This suggested that if you had a Botox treatment your inability to show appropriate emotions, especially sadness or empathy, would be interpreted as a lack of sympathy or interest. More interestingly it said it might actually slow down your own empathetic response.

Now Research at Duke University Fuqua School of Business in North Carolina has confirmed that as well as reducing frown lines Botox reduces a person’s ability to empathise with others. This is important for everyday interactions, particularly at work where we spend most of our time.

Empathy is a key component of emotional intelligence as is managing your emotions but it seems Botox would make you appear to be over-controlling your emotions or that you are lacking in empathy. Already researchers are saying that Generation Me students are 40% less empathetic than they were 20 to 30 years ago.

The Duke University researchers talk about embedded cognition, which is the idea that our bodies reflect the way we think and feel. For example if you see someone in pain you wince and that sends a message to your brain about the pain. (This sounds a bit like the idea of mirror neurons).
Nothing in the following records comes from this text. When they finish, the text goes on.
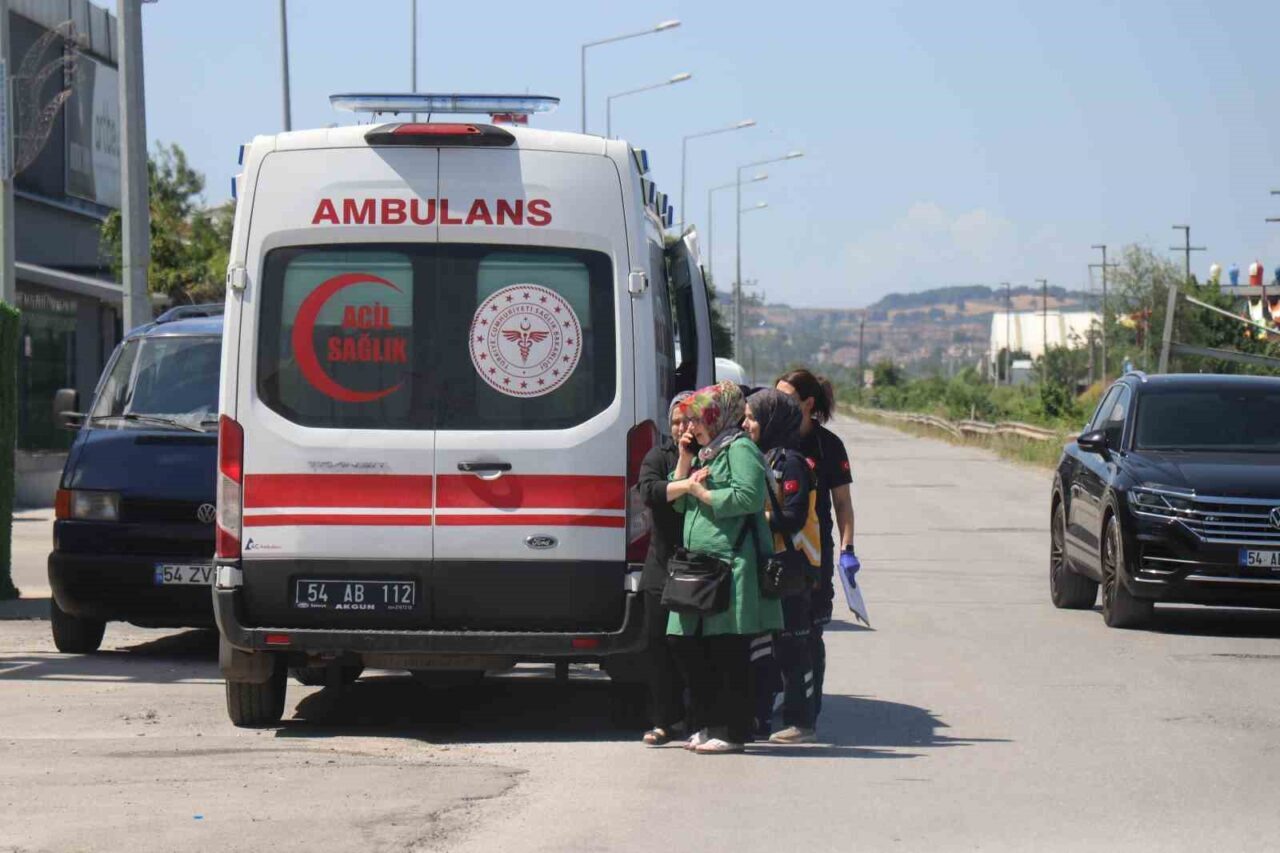 Bursa'nın Gemlik ilçesinde 4.3 büyüklüğünde bir deprem yaşandıktan sonra Serdivan'daki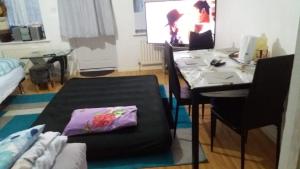 Double room located within walking distance to seaside and town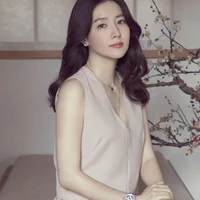 Hoàng Thùy Trâm (mẹ nu9)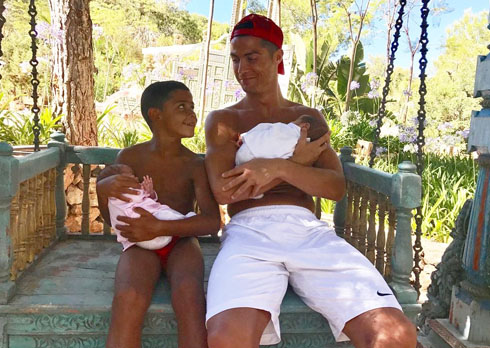 Cristiano Ronaldo next to his son and his two twins in 2017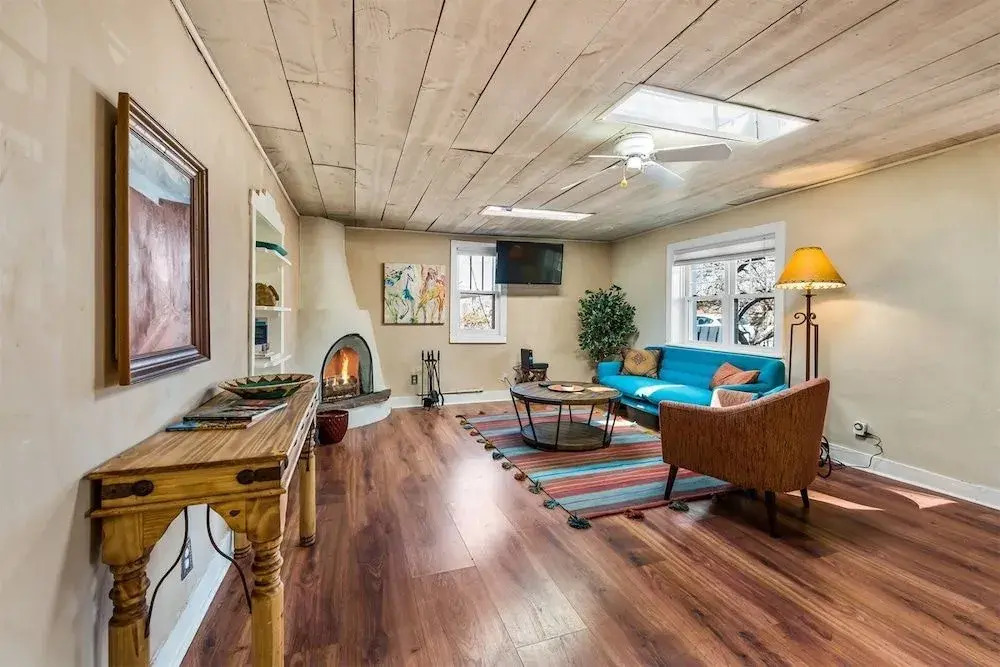 Casa Lola - Gorgeous Light-filled Home, Walk to The Plaza and The Railyard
NB I suspect that this wouldn’t work if you were a psychopath.

The researchers were initially interested in the effect of Botox on romantic relationships and the effect on that when one person has been treated with Botox and becomes less empathetic.

Also the idea that long-married couples start to look alike because they have been copying each other’s facial expressions for so long. (Could the same apply to people who start looking like their pets?)

btw if you are interested in having Botox the trend now is to have preventative Botox before you actually develop any frown lines!